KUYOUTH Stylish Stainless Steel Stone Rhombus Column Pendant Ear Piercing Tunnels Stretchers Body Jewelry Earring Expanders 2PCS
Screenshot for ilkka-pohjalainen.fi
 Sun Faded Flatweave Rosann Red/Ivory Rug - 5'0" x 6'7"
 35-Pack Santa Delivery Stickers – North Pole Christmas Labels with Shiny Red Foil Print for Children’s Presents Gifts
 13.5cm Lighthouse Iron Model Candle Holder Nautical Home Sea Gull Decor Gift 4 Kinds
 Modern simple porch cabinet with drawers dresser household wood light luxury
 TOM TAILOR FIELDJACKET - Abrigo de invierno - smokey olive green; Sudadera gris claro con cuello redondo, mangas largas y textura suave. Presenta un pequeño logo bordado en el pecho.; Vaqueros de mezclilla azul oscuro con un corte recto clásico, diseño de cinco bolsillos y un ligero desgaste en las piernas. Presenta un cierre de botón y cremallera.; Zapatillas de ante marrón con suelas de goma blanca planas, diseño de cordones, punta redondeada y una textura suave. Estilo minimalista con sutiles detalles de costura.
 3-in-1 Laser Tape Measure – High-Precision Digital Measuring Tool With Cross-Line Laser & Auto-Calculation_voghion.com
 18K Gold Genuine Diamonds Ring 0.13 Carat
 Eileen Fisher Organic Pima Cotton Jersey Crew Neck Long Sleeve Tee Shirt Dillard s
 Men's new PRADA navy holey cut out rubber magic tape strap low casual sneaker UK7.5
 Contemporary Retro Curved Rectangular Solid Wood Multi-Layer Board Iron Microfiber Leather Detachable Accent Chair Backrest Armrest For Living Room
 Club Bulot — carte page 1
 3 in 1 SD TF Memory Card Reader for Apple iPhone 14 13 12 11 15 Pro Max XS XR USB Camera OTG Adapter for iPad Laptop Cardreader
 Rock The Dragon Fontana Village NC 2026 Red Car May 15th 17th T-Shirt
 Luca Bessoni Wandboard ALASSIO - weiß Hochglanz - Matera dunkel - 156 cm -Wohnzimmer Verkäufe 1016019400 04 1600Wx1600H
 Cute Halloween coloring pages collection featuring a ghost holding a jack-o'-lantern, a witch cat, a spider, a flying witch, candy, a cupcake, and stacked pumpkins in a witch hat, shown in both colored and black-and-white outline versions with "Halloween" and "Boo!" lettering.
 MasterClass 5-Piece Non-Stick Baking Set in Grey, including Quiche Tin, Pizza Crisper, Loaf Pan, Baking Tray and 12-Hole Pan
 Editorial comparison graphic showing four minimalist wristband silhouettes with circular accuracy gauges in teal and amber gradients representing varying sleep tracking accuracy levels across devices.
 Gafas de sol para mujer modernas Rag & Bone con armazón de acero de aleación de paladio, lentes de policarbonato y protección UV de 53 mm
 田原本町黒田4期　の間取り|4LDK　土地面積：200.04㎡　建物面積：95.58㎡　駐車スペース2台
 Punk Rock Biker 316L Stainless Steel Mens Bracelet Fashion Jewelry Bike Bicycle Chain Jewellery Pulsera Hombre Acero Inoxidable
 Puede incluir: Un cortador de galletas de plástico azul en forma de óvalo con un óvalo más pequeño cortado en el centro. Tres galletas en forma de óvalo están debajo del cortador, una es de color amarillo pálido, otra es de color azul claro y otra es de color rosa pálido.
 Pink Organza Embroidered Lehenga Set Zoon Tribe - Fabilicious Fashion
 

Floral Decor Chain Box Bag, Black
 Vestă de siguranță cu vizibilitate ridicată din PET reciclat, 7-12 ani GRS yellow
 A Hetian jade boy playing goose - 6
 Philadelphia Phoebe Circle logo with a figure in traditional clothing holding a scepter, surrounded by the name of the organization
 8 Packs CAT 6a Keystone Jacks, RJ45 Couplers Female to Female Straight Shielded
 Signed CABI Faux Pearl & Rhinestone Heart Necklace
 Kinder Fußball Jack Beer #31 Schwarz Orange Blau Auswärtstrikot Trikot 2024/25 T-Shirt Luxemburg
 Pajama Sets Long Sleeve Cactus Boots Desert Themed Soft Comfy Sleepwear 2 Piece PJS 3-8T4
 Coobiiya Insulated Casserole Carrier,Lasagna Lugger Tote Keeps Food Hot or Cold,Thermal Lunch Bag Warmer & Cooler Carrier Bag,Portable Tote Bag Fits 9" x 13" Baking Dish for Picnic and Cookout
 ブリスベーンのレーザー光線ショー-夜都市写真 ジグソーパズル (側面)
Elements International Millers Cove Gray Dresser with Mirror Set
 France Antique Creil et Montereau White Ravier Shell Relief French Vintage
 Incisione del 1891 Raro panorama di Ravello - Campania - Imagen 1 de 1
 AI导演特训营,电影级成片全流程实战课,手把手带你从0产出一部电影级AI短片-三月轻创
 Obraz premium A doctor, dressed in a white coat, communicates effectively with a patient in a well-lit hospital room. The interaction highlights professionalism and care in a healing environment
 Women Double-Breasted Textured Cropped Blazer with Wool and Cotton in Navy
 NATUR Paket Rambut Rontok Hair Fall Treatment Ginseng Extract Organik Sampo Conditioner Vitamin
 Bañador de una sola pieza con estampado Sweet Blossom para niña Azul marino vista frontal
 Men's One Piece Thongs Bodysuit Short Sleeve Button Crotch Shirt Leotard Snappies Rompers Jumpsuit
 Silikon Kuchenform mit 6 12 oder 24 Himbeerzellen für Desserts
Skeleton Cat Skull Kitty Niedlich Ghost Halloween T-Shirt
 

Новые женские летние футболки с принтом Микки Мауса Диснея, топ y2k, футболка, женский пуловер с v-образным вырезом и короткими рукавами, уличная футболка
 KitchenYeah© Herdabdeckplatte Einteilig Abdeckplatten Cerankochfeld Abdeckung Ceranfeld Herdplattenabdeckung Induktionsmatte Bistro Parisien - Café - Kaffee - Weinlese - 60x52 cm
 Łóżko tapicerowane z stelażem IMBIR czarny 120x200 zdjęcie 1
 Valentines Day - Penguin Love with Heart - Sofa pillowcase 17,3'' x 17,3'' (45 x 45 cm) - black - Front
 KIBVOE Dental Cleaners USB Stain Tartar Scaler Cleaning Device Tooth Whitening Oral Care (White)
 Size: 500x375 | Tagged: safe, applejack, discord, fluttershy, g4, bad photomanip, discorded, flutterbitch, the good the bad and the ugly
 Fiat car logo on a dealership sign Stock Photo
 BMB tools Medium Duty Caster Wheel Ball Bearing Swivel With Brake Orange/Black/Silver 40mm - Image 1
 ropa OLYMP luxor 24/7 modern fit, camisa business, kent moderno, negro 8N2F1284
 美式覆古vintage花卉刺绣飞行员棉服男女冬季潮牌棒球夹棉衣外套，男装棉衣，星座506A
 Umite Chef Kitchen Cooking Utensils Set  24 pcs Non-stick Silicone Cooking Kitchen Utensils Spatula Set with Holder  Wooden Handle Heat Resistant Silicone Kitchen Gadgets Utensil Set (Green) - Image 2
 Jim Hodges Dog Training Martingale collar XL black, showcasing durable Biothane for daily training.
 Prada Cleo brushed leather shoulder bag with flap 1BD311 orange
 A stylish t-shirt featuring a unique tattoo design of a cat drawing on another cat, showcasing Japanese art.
■ ■ ■ ■
Exercise details: From the entries above, restate word for word the lines from the line containing "Fiat car logo" to the line containing "美式覆古vintage花卉刺", both ends included, and nothing more.

Exercise answer:
 Fiat car logo on a dealership sign Stock Photo
 BMB tools Medium Duty Caster Wheel Ball Bearing Swivel With Brake Orange/Black/Silver 40mm - Image 1
 ropa OLYMP luxor 24/7 modern fit, camisa business, kent moderno, negro 8N2F1284
 美式覆古vintage花卉刺绣飞行员棉服男女冬季潮牌棒球夹棉衣外套，男装棉衣，星座506A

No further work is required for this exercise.